La pasada semana, Ramón Espinar, ex secretario general de Podemos en la Comunidad de Madrid, ex portavoz de UP en el Senado y uno de los actuales politólogos que mejor interpreta a Iglesias, lanzaba en su cuenta de Twitter una reflexión sobre Scarface -la película dirigida por Brian de Palma con Al Pacino de protagonista- que explica a la perfección en lo que se convierten aquellos que piensan que porque un día llegaron a la cima de la montaña todo lo que había bajo sus pies ya era suyo.
“Acorralado en su mansión -escribía Espinar- con una montaña de cocaína en el escritorio y una ametralladora en cada mano, la imagen de Tony Montana en Scarface no da miedo porque el tipo intimide, sino porque es patético y porque has visto y vivido con él su caída estúpida y mezquina”.
Y en ese patetismo de Montana está anclado Iglesias. Arremetiendo e insultado sin pudor a todos aquellos que le han dado la espalda ya sean políticos, periodistas o simples mortales. Ya sea porque critican sus palabras, van a la tele de Ferreras o apoyan abiertamente a Yolanda. Seguidores, en cualquier caso, que han dejado de seguirle, de reírle las gracias y de creer en su proyecto.

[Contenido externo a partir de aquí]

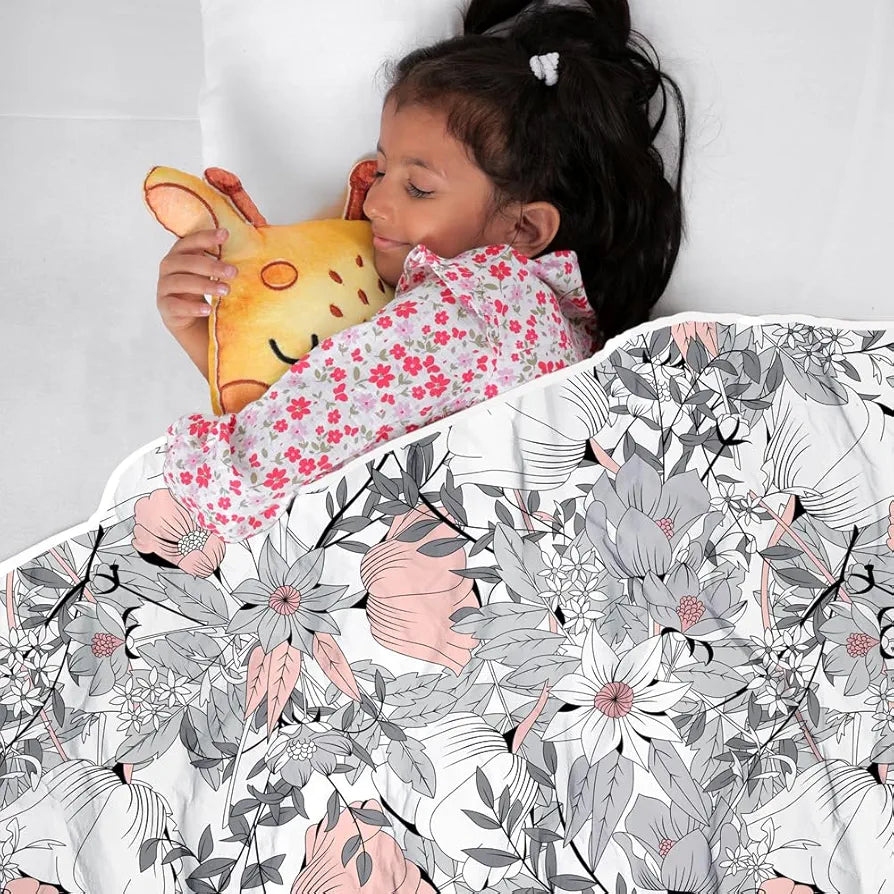 Divine Casa Floret 100% Cotton Single Kids Dohar | 120 GSM | Soft & Lightweight Throw Blanket | Cozy & Breathable Bedding | All-Season Comfort | 140 x 100 CM, Griffin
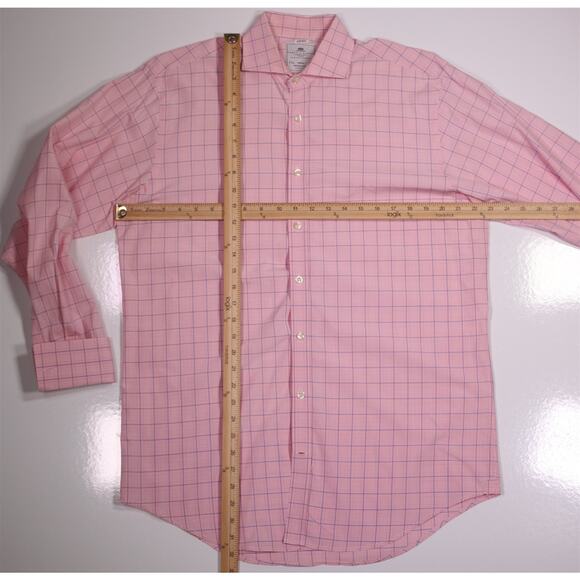 Hawes & Curtis Windsor Pink Plaid Cotton French Cuff Dress Shirt (39) 15.5-33 - Picture 4 of 7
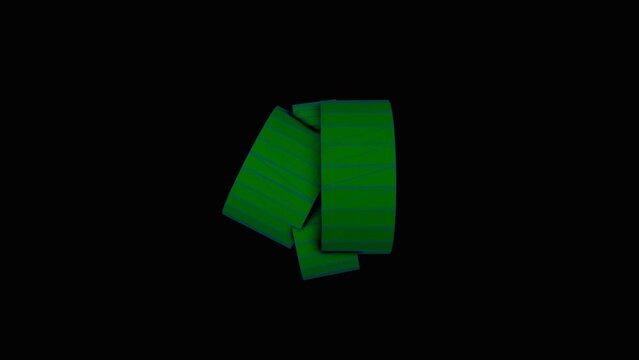 3d Green Animation Cubes On The Dark Background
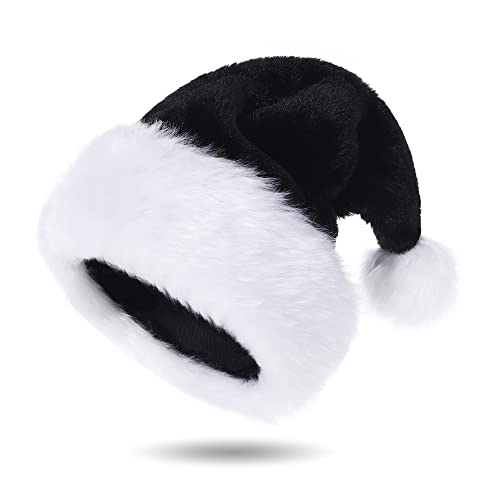 Tokforty Santa Hats, Black And White Santa Hats For Adults, Unisex Velvet Touch Comfort Christmas Hats For New Year Festive Party Christmas Supplies #TOP5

“Tiene gracia -escribía en Twitter Espinar, como digo el mejor descifrador del espejismo- que esta gente haya sido la que ha construido su (enano) capital político alrededor de la idea de ‘lealtad’ cuando lo que querían decir es ‘obediencia’. Lealtad con un proyecto es anteponerlo a tus intereses, no arrastrarlo por los suelos para mantener el poder”.
Después de que Díaz gritara aquello de que quiere ser la primera presidenta de este país, Espinar ahondaba en la herida al escribir que había que dejarla hacer, remar y apoyarla “Y si la rabia no te deja -acababa- por lo menos apártate y deja hacer”.
No está la bilis de Pablo Iglesias para apartarse y dejar hacer. No. No es lo suyo y en su desprendimiento es capaz de llevarse todo por delante antes que quedar como el gran perdedor de esta otra izquierda que ya no cree en él. Este espejismo andante siempre se ha desenvuelto bien en ese peligroso mejor cuanto peor, al que ahora se dirigirá a toda leche, ya lo verán, si al final la dura realidad no sólo no coincide con sus sueños sino que choca de lleno con sus peores pesadillas.